O Benefício de Prestação Continuada – BPC

O BPC é um benefício pessoal, não vitalício, não contributivo e intransferível, que

assegura mínimo social e proteção social à população idosa e às pessoas com

deficiência em situação de pobreza.

Ele consiste no pagamento de uma renda básica mensal no valor de um salário-mínimo

às pessoas com 65 anos ou mais de idade e às pessoas com deficiência, de qualquer

idade, incapacitantes para a vida independente e para o trabalho, onde em ambos os

casos a renda mensal bruta familiar per capita seja inferior a ¼ do salário-mínimo

vigente.

Atualmente, 4,3 milhões de pessoas recebem o BPC, sendo 45% de pessoas idosas e

55% de pessoas com deficiência, nesta inclusas crianças e adolescentes – cerca de

500 mil.

O Programa BPC na Escola tem mudado a realidade de milhares de pessoas nos

últimos oito anos, alavancando o patamar de inclusão e permanência na escola das

crianças, adolescentes e jovens com deficiência beneficiários.
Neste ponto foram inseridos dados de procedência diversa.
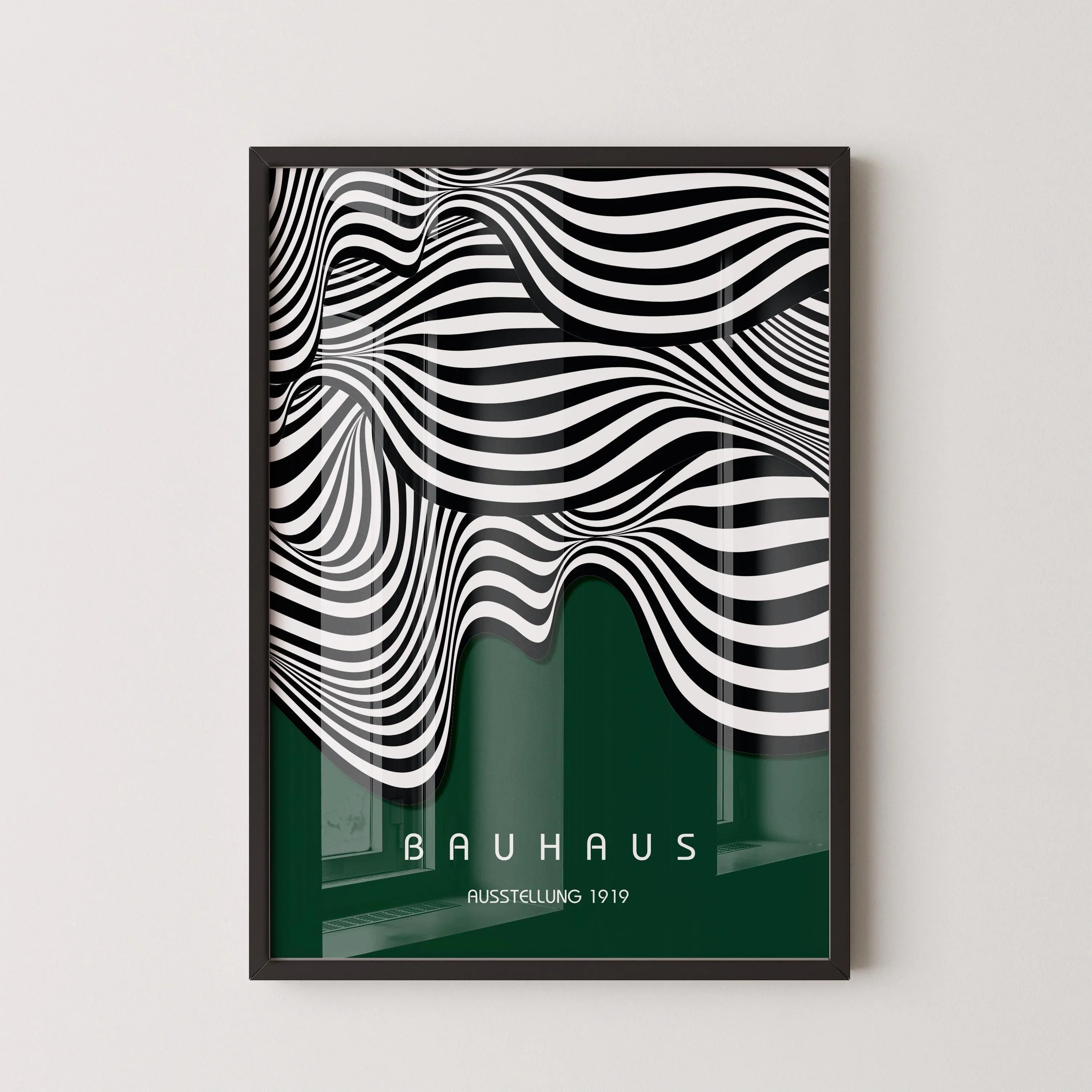Bauhaus Ausstellung Forest Green (Waves) PRINT | Vintage Mid - century Modern Poster
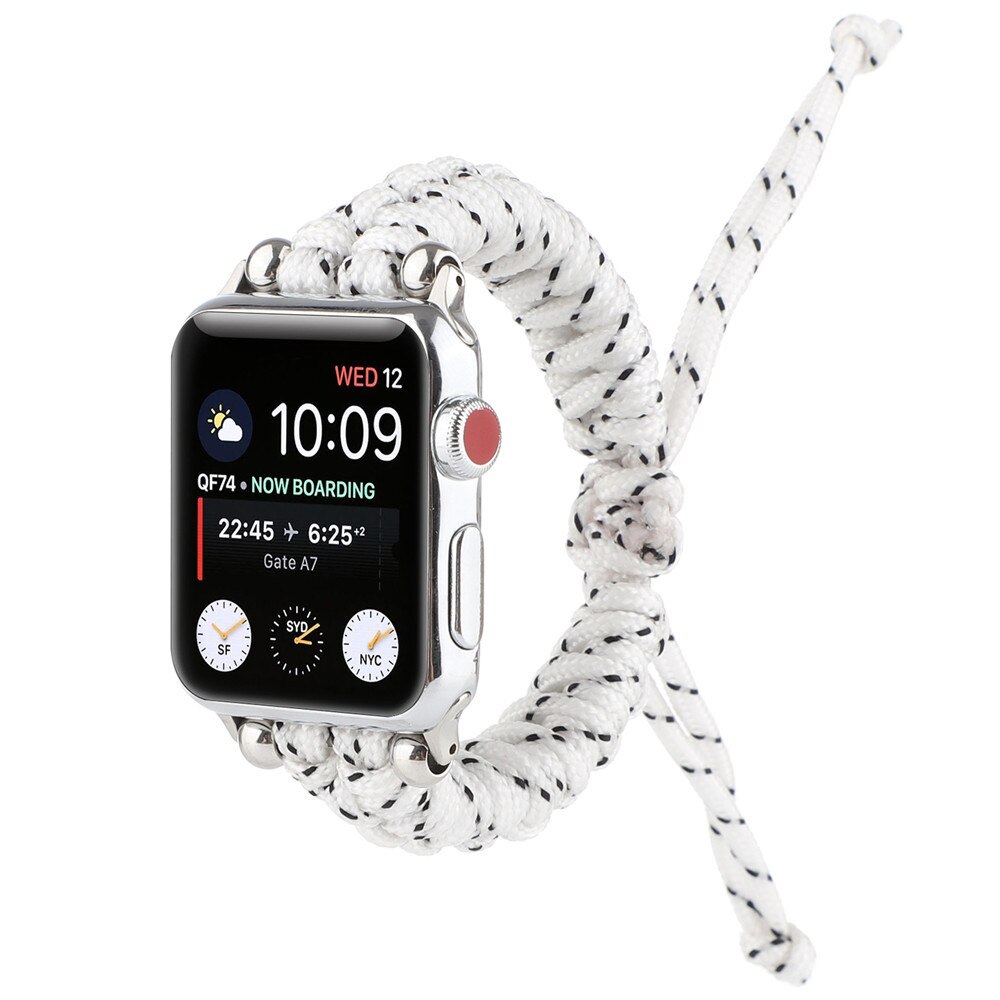 Nylon Geweven Horlogeband Voor Apple Horloge Iwatch 12 3 4 5 Band 44Mm 42Mm 40Mm 38mm Parachute Touw Buiten Armband Riem
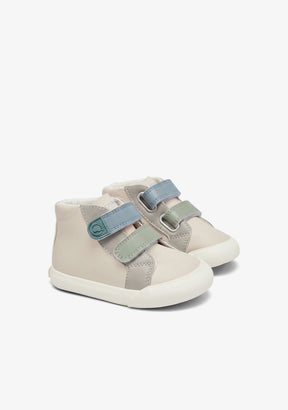Beige and Blue Barefoot High-Top Sneakers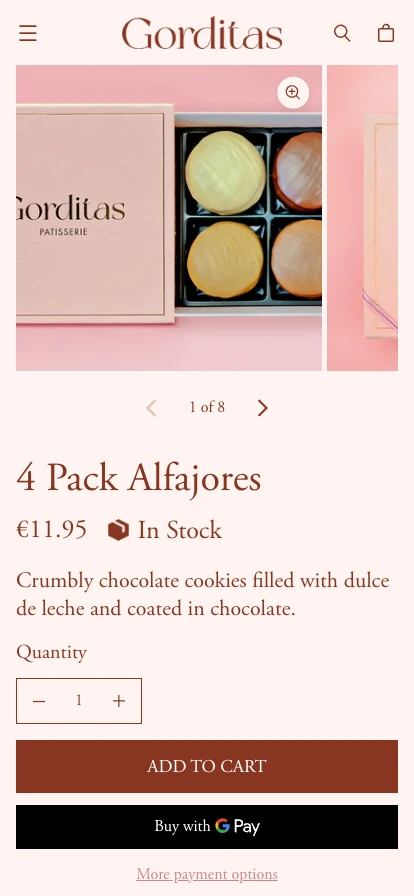 Alfajores for sale online at Gorditas Patisserie Dublin. Box of 4 cookies with dulce de leche filling.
Já o Programa BPC Trabalho tem construído a oferta de apoios para assegurar a

jovens e adultos com deficiência o direito à socialização, qualificação profissional e a

oportunidades de participação no mundo do trabalho.

2.2. Fragilidades - Desafios

Uma análise isenta que se faça a respeito da trajetória das ações públicas e seus

impactos sobre a qualidade de vida das crianças e adolescentes, há de registrar

excepcionais avanços como vimos.

Mas, muitos meninos e meninas estão sendo deixados para trás, e, muita omissão dos

serviços públicos e das famílias tem sido identificada, com seus penosos danos aos

direitos fundamentais destas crianças brasileiras.

Vejamos alguns indicativos práticos desta fragilidade das políticas públicas na

implementação do ECA.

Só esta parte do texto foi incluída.